Nope. They can make any shape collar you want. My collars are quite different to mafoofans, and as it should since we are built differently.


----------



## fritzl (Jun 5, 2006)

A two button collar makes a short neck shorter, but this is not a secret in the world of bespoke


----------



## T4phage (Nov 12, 2003)

fritzl said:


> A two button collar makes a short neck shorter, but this is not a secret in the world of bespoke


And fish shoes would make you look pimpy, but this is not a secret in the world of bespoke


----------



## fritzl (Jun 5, 2006)

T4phage said:


> And fish shoes would make you look pimpy, but this is not a secret in the world of bespoke


More than crocodile? :icon_smile_wink:


----------



## NU81 (Jan 29, 2008)

Looks like a beautiful shirt.
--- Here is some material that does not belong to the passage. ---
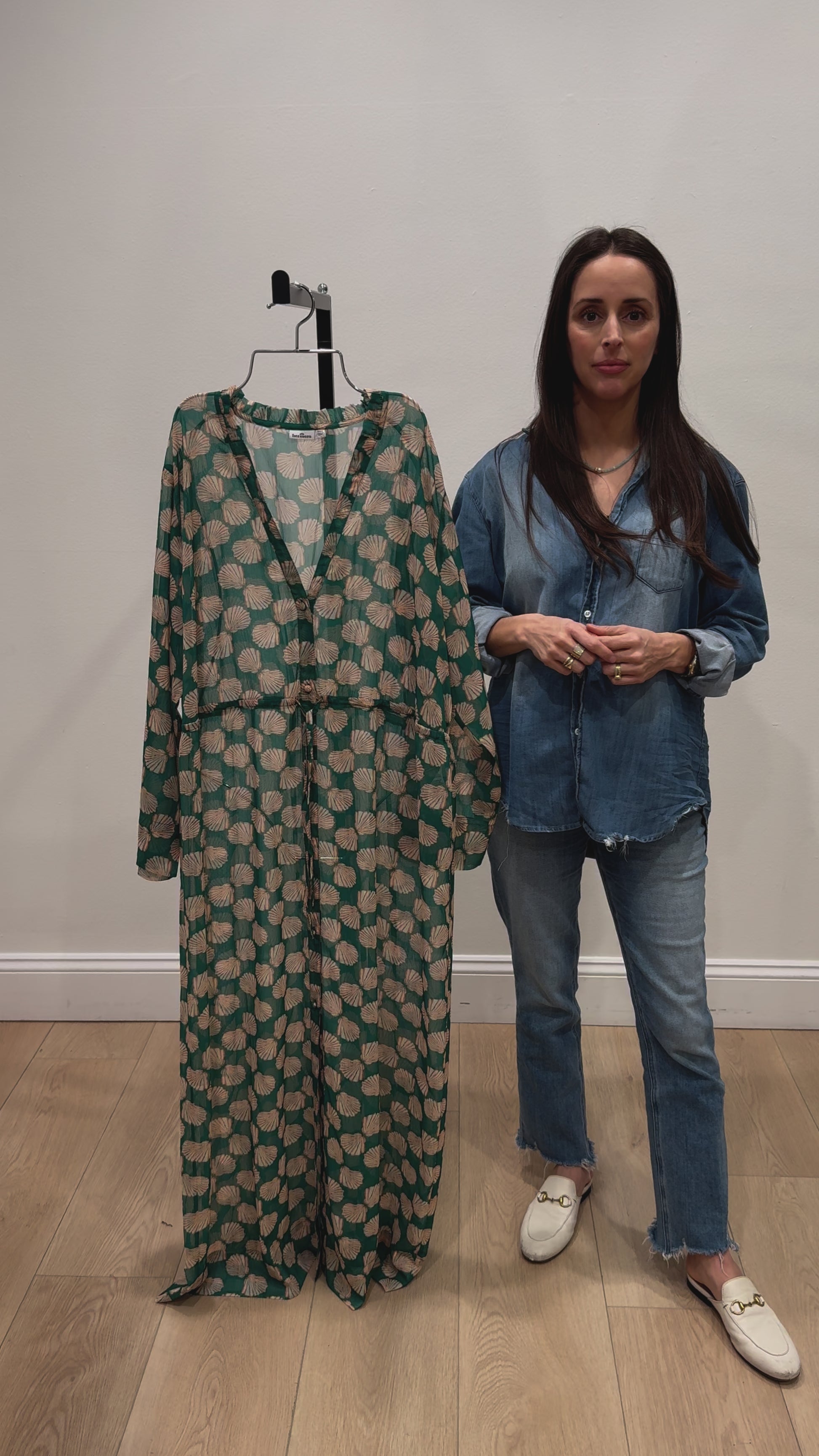 Favorite Shelby Cinched Tie Kimono Cover-up in Green by Hermoza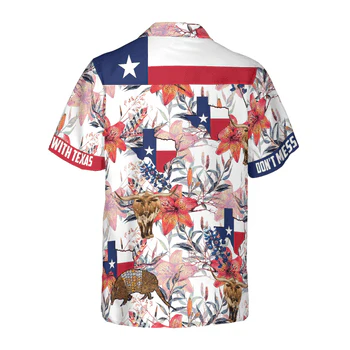 Texas Longhorn Bluebonnet And Armadillo Hawaiian Shirt, Button Down Floral Texas Flag, Proud Texas, Colorful Summer Aloha Shirt For Men Women - Image 5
I really like the colors. Are the nubs of thread along the yoke a signature of Anna's? Not sure I like those. At first glance they reminded of the threads used to sew a tag on the waistband of a pair of OTR pants that need to be removed before wearing.


----------



## RJman (Nov 11, 2003)

Wouldn't you rather have that than pattern-matching? :devil:


----------



## speedster (Jan 13, 2008)

Beautyfull shirt. 
Only irk for me is the back is shirred ('grinze'), not so much with the shoulders.
But just a small detail on an otherwise perfect shirt.











andreyb said:


> Such collar looks good with a tie and coat on;
> less good with coat off; terrible without a tie. This is only IMHO, though.


I really like these collars with or out tie. 
But then again I like a nice Windsor or even a double Windsor ...

Thats the beauty of things, we are not all alike 

Speed


----------



## manton (Jul 26, 2003)

RJman said:


> Wouldn't you rather have that than pattern-matching? :devil:


It's not right that we should have to choose.


----------



## mafoofan (May 16, 2005)

fritzl said:


> A two button collar makes a short neck shorter, but this is not a secret in the world of bespoke


I don't know what to tell you; it looks right. It's worth keeping in mind that I have a big head and my neck is relatively wide. I trusted Anna to decide; after the first fitting, she saw that the collar should be higher.



RJman said:


> Wouldn't you rather have that than pattern-matching? :devil:


No! 



Mahler said:


> That's probably true, but what about a tie knot? Given the high stance of the collar, do you need to wear a really fat knot? Otherwise one of the two button collars would stand exposed, no? Some pictures of you actually wearing the shirt would help.


Well, I tie a regular four-in-hand most of the time with no problem. Since the buttons are vertically aligned, how would they get exposed?


----------



## iammatt (Sep 17, 2005)

andreyb said:


> If you allow me, a bit of criticism: it seems that Neapolitan shirtmakers are all fixated on one type of collar -- irregardless of who the client is.
> 
> Such collar looks good with a tie and coat on; less good with coat off; terrible without a tie. This is only IMHO, though.
> 
> Andrey


Not true. Mafoofan's are very wide spread, while mine, from teh same maker are relatively closed.


----------



## mafoofan (May 16, 2005)

^^^ True. Anna can do many different collars and has several to show you. I saw widespread collars like mine on some in Naples, most notably the Ambrosis. But even more seem to be wearing unbuttoned button-down collars. Mariano Rubinacci does this very well.


----------



## andreyb (Dec 24, 2003)

T4phage said:


> Nope. They can make any shape collar you want. My collars are quite different to mafoofans, and as it should since we are built differently.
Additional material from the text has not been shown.